Wheeler, for his part, insisted that he is not interested in running the EPA in an interview with the Washington Examiner in June.

"I could have put my hat in the ring for the administrator. I wasn't interested in that," he said last month. "I am still not interested in that."

Wheeler has worked in Washington for more than 20 years. He is a former chief of staff to Oklahoma Senator James Inhofe, the Republican who has become known as one of Capitol Hill's most prominent climate change deniers.
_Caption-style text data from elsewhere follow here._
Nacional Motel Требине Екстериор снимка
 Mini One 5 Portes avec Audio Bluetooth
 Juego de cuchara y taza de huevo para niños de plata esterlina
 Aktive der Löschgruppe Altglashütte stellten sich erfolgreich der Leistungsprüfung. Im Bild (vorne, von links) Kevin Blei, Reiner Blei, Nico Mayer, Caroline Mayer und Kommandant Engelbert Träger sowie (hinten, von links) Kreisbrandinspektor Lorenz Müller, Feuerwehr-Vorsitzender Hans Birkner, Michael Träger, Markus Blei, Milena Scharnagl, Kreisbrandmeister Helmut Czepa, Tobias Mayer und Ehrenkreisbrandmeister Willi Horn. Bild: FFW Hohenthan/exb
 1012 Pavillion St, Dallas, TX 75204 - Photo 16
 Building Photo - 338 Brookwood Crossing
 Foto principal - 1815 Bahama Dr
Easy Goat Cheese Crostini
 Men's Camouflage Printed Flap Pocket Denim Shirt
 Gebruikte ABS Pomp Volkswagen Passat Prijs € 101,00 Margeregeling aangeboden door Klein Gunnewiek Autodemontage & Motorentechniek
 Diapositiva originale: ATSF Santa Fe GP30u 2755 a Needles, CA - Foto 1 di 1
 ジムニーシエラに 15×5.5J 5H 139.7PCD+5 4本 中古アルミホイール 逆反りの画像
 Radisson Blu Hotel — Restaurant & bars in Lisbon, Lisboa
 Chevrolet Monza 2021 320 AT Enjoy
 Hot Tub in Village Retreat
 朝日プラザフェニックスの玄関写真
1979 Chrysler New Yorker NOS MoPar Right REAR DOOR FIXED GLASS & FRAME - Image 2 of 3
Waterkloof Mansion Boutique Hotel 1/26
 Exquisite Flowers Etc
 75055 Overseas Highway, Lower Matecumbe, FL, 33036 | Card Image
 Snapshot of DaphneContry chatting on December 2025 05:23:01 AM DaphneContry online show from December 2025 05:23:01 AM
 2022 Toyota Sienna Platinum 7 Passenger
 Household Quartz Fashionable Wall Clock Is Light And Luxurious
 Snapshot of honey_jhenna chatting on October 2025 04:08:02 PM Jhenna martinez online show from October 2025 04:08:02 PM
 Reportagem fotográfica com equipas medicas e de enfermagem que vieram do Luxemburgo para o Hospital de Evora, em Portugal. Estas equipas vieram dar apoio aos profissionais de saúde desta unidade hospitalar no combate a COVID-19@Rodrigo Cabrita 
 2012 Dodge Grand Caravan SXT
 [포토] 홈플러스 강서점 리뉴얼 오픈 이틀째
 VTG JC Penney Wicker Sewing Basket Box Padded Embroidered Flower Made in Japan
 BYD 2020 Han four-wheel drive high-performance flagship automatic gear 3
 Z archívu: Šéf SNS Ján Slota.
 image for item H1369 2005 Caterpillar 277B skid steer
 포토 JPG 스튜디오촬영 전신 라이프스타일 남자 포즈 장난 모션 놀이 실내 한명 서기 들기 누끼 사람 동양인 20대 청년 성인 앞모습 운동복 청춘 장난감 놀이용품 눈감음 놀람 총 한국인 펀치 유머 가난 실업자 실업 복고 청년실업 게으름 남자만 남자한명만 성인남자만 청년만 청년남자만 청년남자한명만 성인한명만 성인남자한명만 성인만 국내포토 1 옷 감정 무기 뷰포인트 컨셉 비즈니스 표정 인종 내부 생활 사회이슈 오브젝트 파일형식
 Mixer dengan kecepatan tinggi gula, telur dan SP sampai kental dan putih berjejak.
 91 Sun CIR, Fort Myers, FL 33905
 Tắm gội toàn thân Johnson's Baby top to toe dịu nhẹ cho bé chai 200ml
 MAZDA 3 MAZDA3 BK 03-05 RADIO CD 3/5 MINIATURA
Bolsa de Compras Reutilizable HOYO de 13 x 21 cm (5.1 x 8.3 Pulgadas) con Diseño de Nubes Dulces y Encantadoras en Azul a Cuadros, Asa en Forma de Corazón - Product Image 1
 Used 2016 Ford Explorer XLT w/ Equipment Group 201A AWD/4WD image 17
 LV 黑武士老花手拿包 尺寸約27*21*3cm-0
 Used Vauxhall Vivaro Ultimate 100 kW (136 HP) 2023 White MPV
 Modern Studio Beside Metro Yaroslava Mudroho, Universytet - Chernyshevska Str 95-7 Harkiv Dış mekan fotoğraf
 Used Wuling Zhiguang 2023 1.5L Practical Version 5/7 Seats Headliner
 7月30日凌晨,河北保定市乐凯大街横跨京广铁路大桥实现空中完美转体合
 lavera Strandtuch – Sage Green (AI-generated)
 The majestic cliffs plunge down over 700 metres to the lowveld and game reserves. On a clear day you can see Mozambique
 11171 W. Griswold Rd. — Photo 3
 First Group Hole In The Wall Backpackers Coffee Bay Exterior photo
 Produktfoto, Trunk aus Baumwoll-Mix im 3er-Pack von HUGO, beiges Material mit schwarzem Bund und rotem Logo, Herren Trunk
According to the New York Times, one group of former Inhofe aides who now work in energy and environment policy positions across the Trump administration and in top DC lobbying firms are loosely referred to as the "Inhofe mafia."

Inhofe, who previously served as chairman of the Senate Environment and Public Works Committee, has publicly delegitimized the EPA on more than one occasion.

"We are going to take all this stuff that comes out of the EPA that is brainwashing our kids, that is propaganda, things that aren't true, allegations," the senator said on CNN's "New Day" last year.

Prior to being confirmed by the Senate as deputy EPA administrator, Wheeler previously worked in the agency's office of pollution prevention during the administration of the first President George Bush. More recently, Wheeler lobbied for the coal company Murray Energy, the largest coal mining company in the nation, whose chief executive Robert E. Murray donated $300,000 to Trump's presidential inauguration.

And environmentalists have seized on Wheeler's record as a former energy lobbyist and coal lover to herald the acting administrator as the environment's biggest enemy.

"Like Pruitt, this veteran coal lobby lobbyist has shown only disdain for the E.P.A.'s vital mission to protect Americans' health and our environment," Ana Unruh Cohen, managing director for government affairs at the advocacy group Natural Resources Defense Council, told the New York Times.

Washington insiders describe Wheeler as poised to take the reins of the EPA and to pursue Trump's agenda, perhaps even more effectively than Pruitt.

"Andrew is one of the most well-known, well-respected policy professionals in Washington on energy and environment," Matthew Dempsey, a former colleague of Wheeler's in Inhofe's office, who currently works for a lobbying firm representing the oil and gas industry, told the Times. "he knows everybody."

"He will be similar to Pruitt in terms of the agenda. He understands the Trump administration, and will carry out the agenda," Dempsey continued. "But he's been around Washington a long time. He knows how DC works, and he does things by the book."

Inhofe welcomed Wheeler's arrival at the EPA with open arms earlier this year.

"Andy Wheeler is the most competent and qualified person for the job he's been asked to fulfill," the senator said. "Anyone who sat through his confirmation hearing would tell you he did a masterful job."

However, another prominent senator, Bernie Sanders (I-VT), expressed skepticism that Wheeler would be as bad as Pruitt for the environment.

"We need an EPA administrator – and I know this is a radical idea – that actually believes in environmental protection rather than just the profits of the oil, gas or coal industry" Sanders said on Thursday.

According to the New York Times, "one potential obstacle to [Wheeler] being nominated by the president to fill the job permanently is his record of opposing Mr. Trump during the presidential campaign." The Times reported that Wheeler spoke out against Trump in a since-deleted Facebook post on Feb. 29, 2016.

"If you are considering voting for Donald Trump please think about the following: 1) no one really knows what his political beliefs are, he has donated to both parties over the years and to people with completely different views. 2) he has demonstrated through the debates and interviews that he doesn’t understand how government works," Wheeler wrote, per the Times.

The newspaper added that Wheeler's post also suggested that, as a businessman, Trump "really hasn't been that successful."